Réactions des partis de gauche
Les partis communistes et écologistes de Dordogne qualifient ces événements de "débats inacceptables" et appellent à l'annulation de la présence du Canon français à Bergerac. Julien Chouet, secrétaire départemental du Parti communiste, souligne que "les 80 ans de l'appellation Précharmant devraient rassembler tous les Bergeracois". Pour lui, les viticulteurs étaient auparavant dans l'ignorance des polémiques liées à l'entreprise.
Mathilde Bache, des écologistes, regrette l'utilisation d'une salle financée par la collectivité locale pour ce type d'événements, mettant en lumière la responsabilité des élus dans ce choix.
Défense du Canon français
De son côté, le Canon français dénonce cette politisation excessive. Géraud de la Tour insiste sur le fait que l'entreprise demeure apolitique. Il réfute les allégations selon lesquelles l'action de Pierre-Édouard Stérin aurait un impact sur l'événement, affirmant n'avoir aucun lien avec lui.

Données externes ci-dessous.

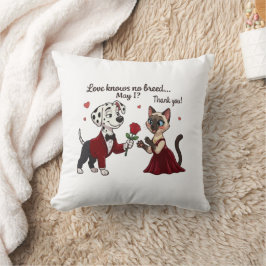 Almofada O Amor Não Conhece Raça Dálmata e Gato Siames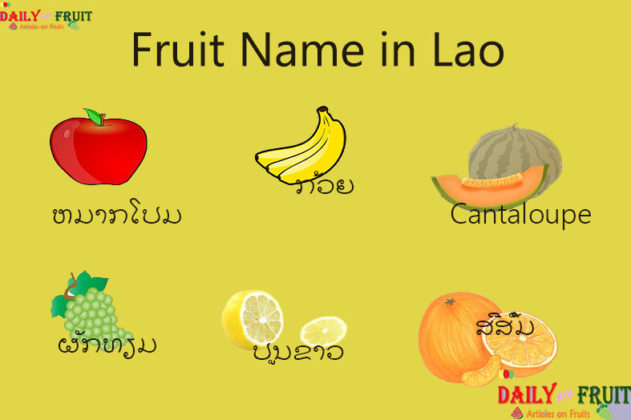 Fruit Name in Lao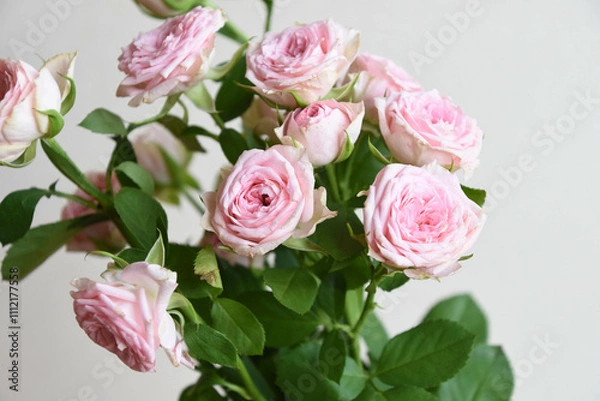 Fototapeta ピンクのスプレーばら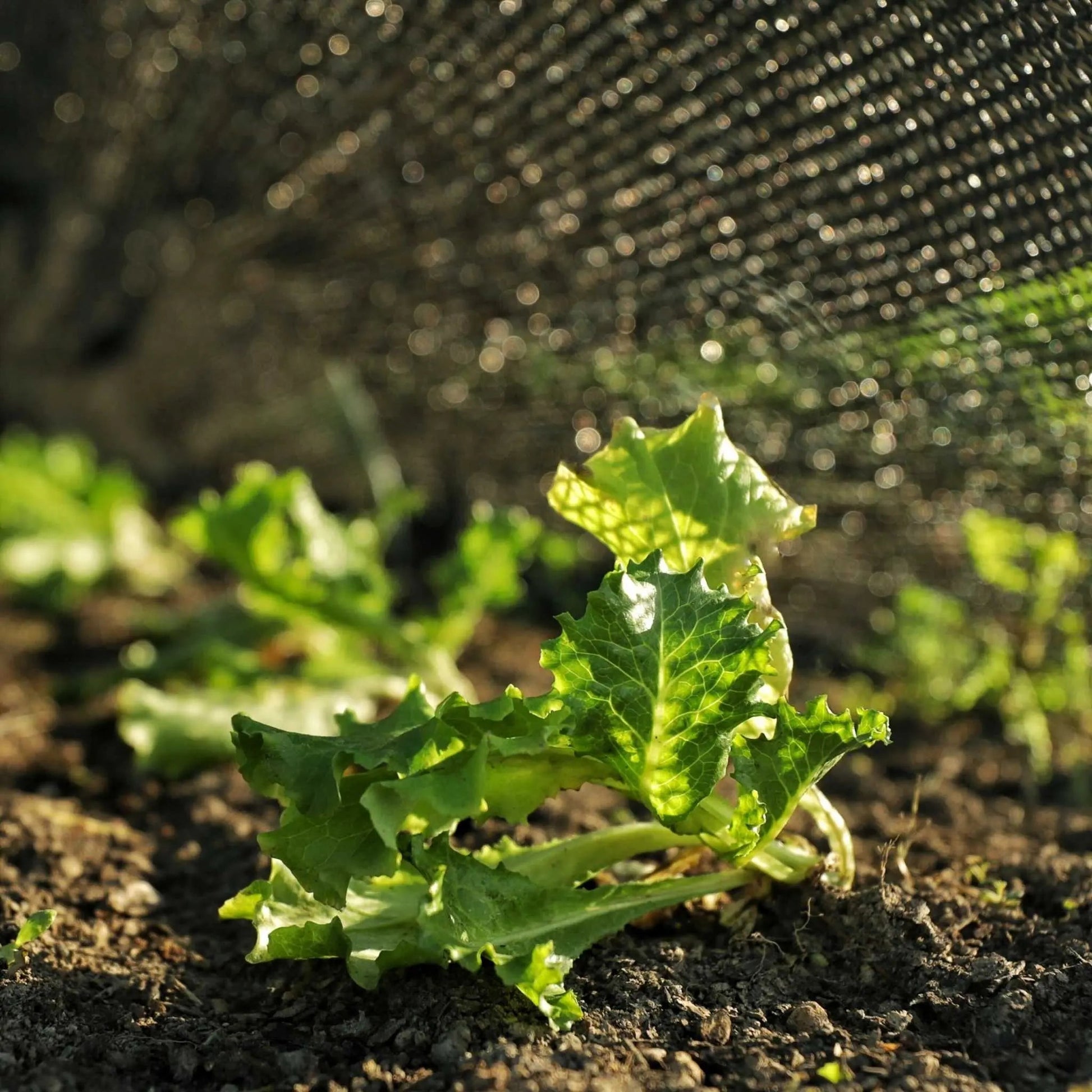 Greenhouse Shade Cloth - 30% Black - Midwest Grow LLC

Serge Muller, député du Rassemblement National, défend également l'événement, le qualifiant d'"excessif" pour la gauche de vouloir interdire de tels rassemblements. "Du vin, de la viande et du fromage, la gauche trouve ça facho…" rétorque-t-il.
Réunion du conseil d'agglomération le 18 mai
La salle Etincelle étant un espace public, un débat est prévu lors d'un conseil d'agglomération le 18 mai pour décider de l'avenir de l'événement. Ce contexte de tensions politiques soulève des questions sur la place de tels banquets dans la vie culturelle d'une commune.